If the connectivity-stress correlation holds after controlling for basal activity, the result is much stronger. If it disappears, you've learned something equally important: that activity, not anatomy, drives vulnerability.

What I like

• The CCF alignment is correct and essential — I agree with Hongkui on this.
• The INTACT approach for nuclear isolation is well-validated and compatible with the Cre lines.
• The proposal to use three connectivity metrics (convergent input, input diversity, reciprocity) is smart because it decomposes what aspect of connectivity matters.
• The plaque-distance control is critical and well-designed.
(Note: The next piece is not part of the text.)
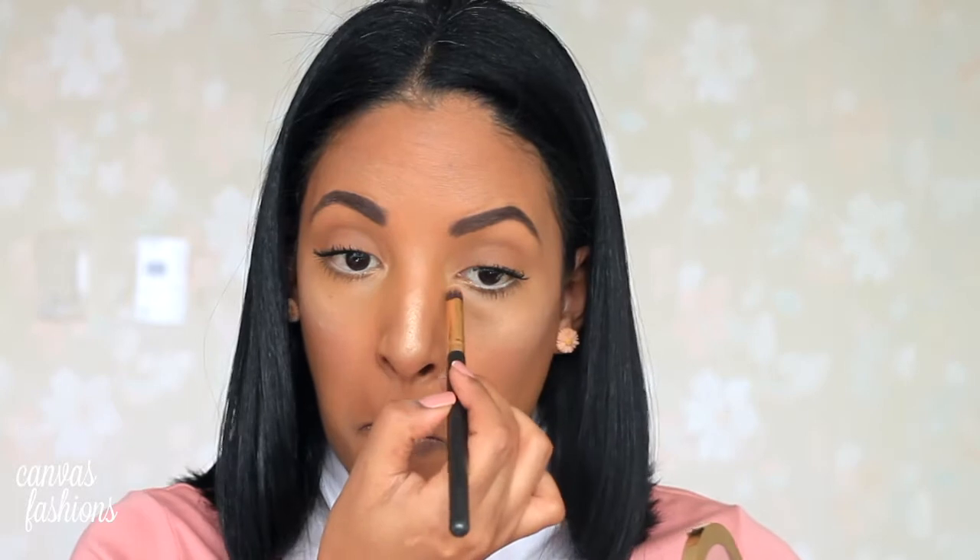I'm then going to use that same strobing powder to highlight the inner corners of my eyes. This is just going to make your eyes look more awake and highlight them a little bit more. Then for lips I'm using the Essence lip liner pencil in the shade In The Nude, so we want this to be a more natural look.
Practical feasibility notes

• Timeline: 3 months is tight for 72 snRNA-seq libraries + MERFISH. I would suggest 4 months or dropping MERFISH to a planned follow-on.
• Cell-type resolution: The two-Cre-line panel (Tlx3 + Pvalb) is sensible. If you add more lines, do it in a second phase.
• Sample size: n=4 per genotype per timepoint is the minimum for detecting moderate effects. Consider n=5 to guard against attrition in the 5xFAD cohort.

Feasibility score

I would score this 0.55 to 0.6 feasible for a 3-month pilot — achievable but ambitious. The main risk is not the biology but the throughput: snRNA-seq library prep and sequencing for 72 samples in 3 months requires dedicated technician time and core facility scheduling.

Bottom line

The question is worth asking, and the Allen resources make it uniquely possible to ask it. But I want to see basal activity measurements added so that the connectivity-prediction claim can be distinguished from an activity-prediction claim. If you add c-Fos at minimum, I'd move to a full greenlight.